* _ASSIGNMENT_
Return each record verbatim, images excluded.
═════ THE DATA
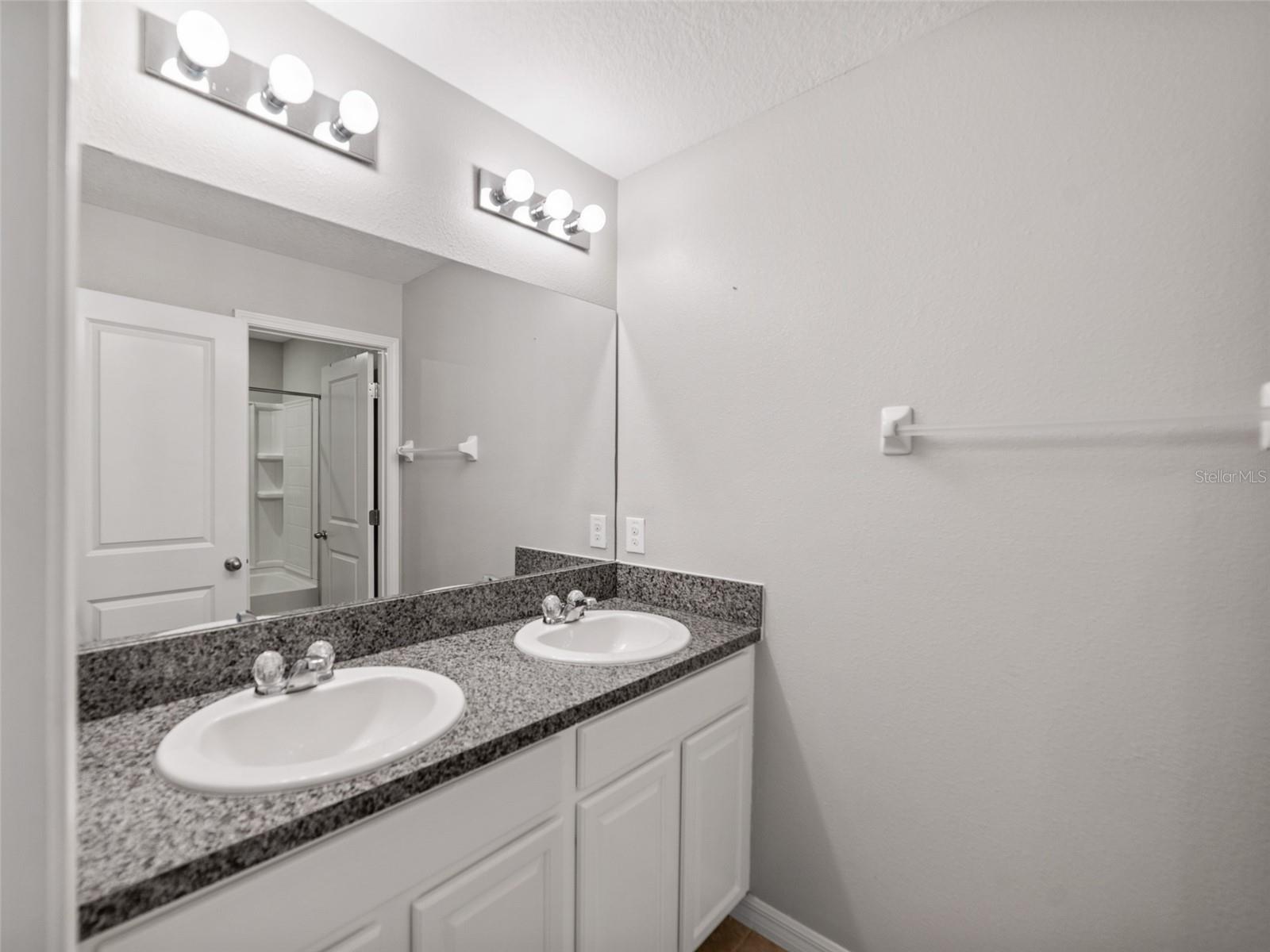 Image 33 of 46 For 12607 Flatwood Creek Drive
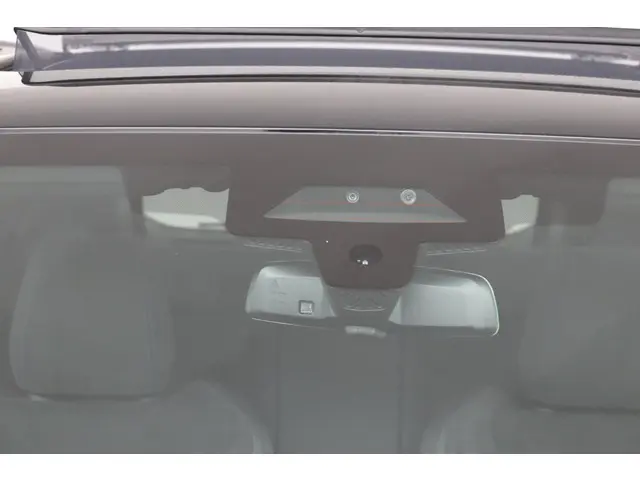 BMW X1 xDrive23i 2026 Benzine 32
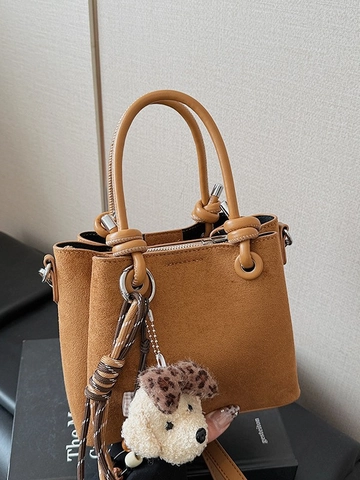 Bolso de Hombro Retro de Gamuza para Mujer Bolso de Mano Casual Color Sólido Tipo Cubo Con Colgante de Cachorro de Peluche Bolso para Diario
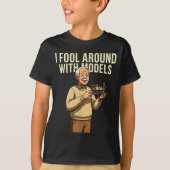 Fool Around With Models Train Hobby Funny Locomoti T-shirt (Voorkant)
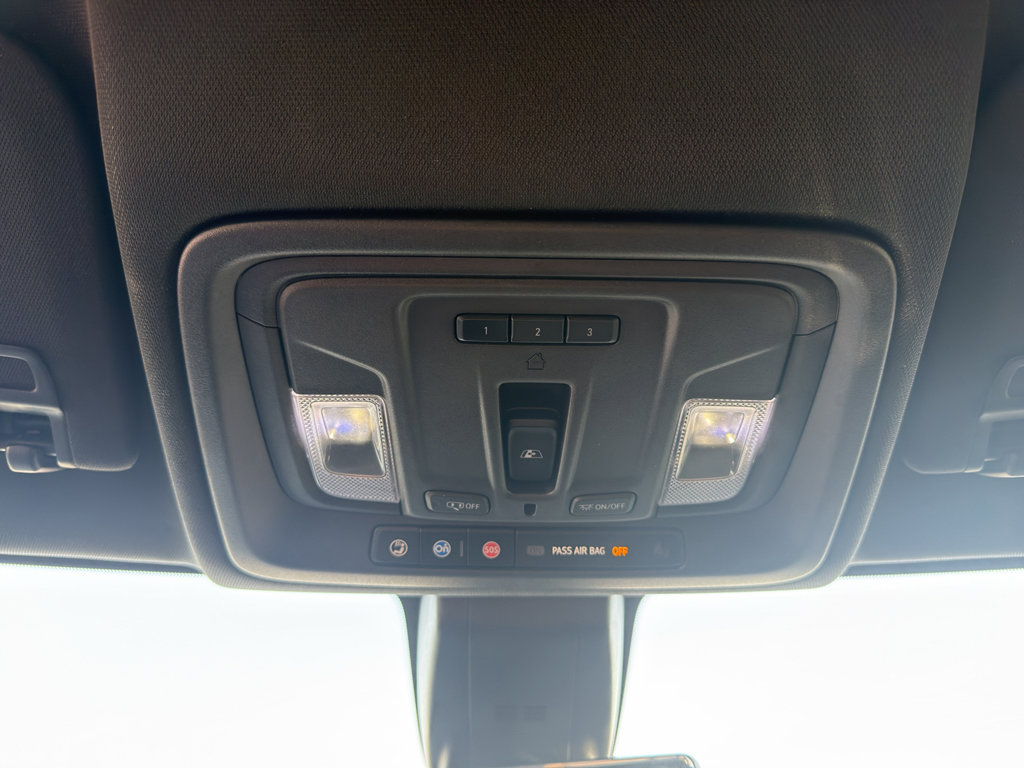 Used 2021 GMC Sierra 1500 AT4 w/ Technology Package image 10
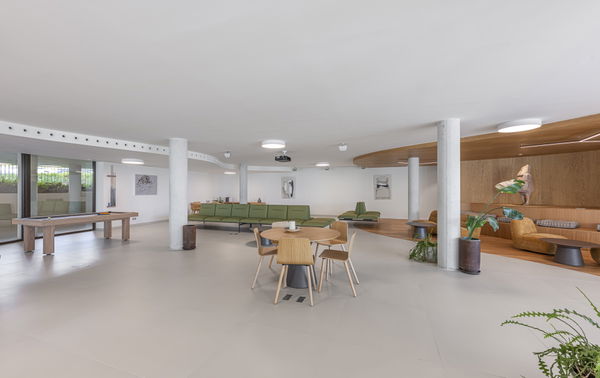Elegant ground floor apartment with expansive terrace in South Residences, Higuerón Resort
══════════
* _SOLUTION TO THIS TASK_
 Image 33 of 46 For 12607 Flatwood Creek Drive
 BMW X1 xDrive23i 2026 Benzine 32
 Bolso de Hombro Retro de Gamuza para Mujer Bolso de Mano Casual Color Sólido Tipo Cubo Con Colgante de Cachorro de Peluche Bolso para Diario
 Fool Around With Models Train Hobby Funny Locomoti T-shirt (Voorkant)
 Used 2021 GMC Sierra 1500 AT4 w/ Technology Package image 10
Elegant ground floor apartment with expansive terrace in South Residences, Higuerón Resort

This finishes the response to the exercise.